Automating Graphical User Interface (GUI) tests is a challenging task. In theory, any test can be automated, but it is not worth it to automate every test, often because of limited resources (i.e., time spent on writing the automated test.) So how do you decide which test cases are worthy of automation? Specific requirements will depend on the product, team skillset, time constraints and tool limitations. In this article, we’ll list the factors by which you can evaluate a test as a potential automation candidate.
- Repetitive Test Runs (R)
Evaluates how often a given manual test is executed. If the test should be run every time you release your product as part of regression testing, then it should be considered for automation. When automated, you will run this test not every time you release, but every time you build the application under test (AUT).
- Test Severity (S)
This factor represents how critical the feature is to the AUT. This should be evaluated by all stakeholders, giving tests for the critical parts of your application a priority over tests for lower-severity areas.
- Configurations (C)
The number of configurations a given test needs to be run on. If a certain test needs to be run on varying software configurations, across multiple platforms or using different test datasets, this indicates the test is a good candidate for automation.
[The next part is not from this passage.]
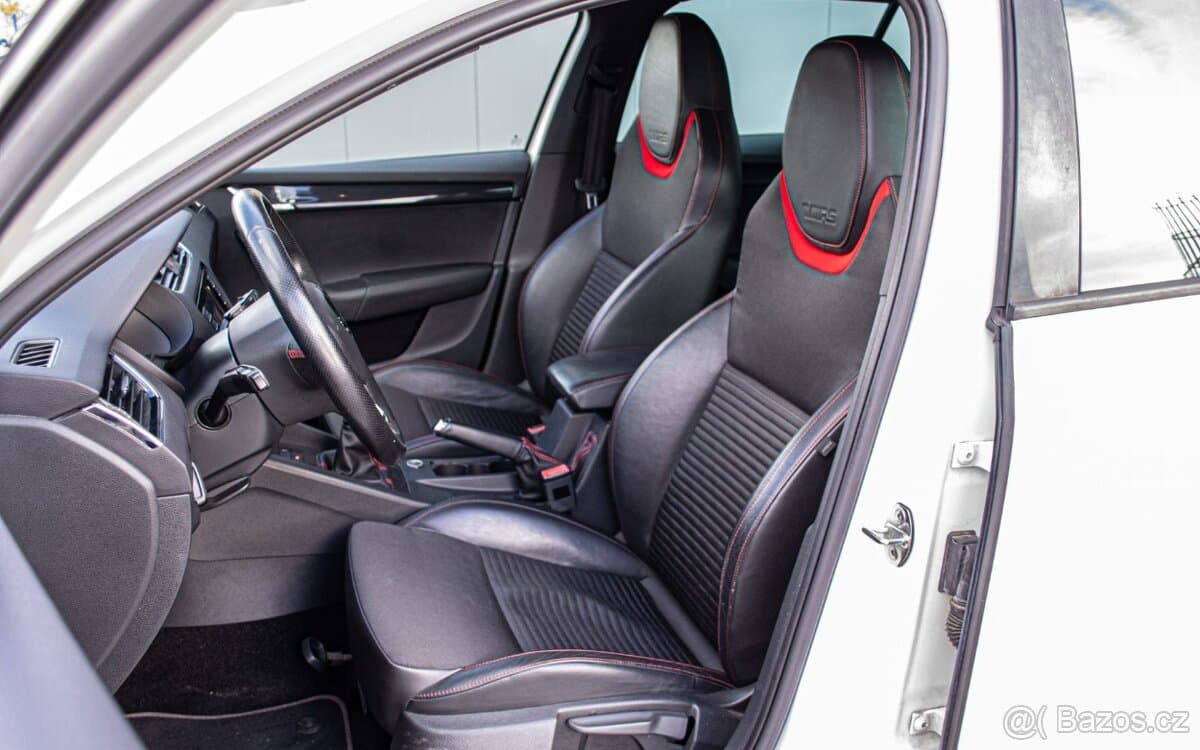 2014 Škoda OCTAVIA - 19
- Time to Execute the Test Manually (T)
This factor represents the time needed to execute the test manually on a given configuration.
- Test Performance (TP)
This factor represents the historical failure detection rate of the given test. That is, determining if a test’s execution leads to finding a defect. Modern test management systems, like Squish Test Center, can provide such information. On the other hand, there are tests that are executed over many years, but never result in a new defect being found.
- Ease of Automation (A)
Describes the level of difficulty in automating a test. Here you need to consider test complexity, test automation tool limitations, programming skills of test developers and, finally, the nature of the given test. A good automation candidate will have results that are precise and deterministic, and which can be evaluated by a computer program.
Automation Candidate Factor
For each manual test, an Automation Candidate Factor can be calculated. Evaluate each factor giving it a weighting from 1 to 3. The example formula can be: ACF = (R + S + C + T + TP)/5 + A. With this factor, you can allocate your limited resources to automate tests that are truly worth automating.
Regardless of the priority you assign to a given manual test, the quality of the manual test preceding automation is also an important factor. Poor quality manual tests lead to poor quality automated tests. Are all the steps in the test case well described? Are expected results precise? Investing time in improving the quality of manual tests before automating them is, in general, a good idea.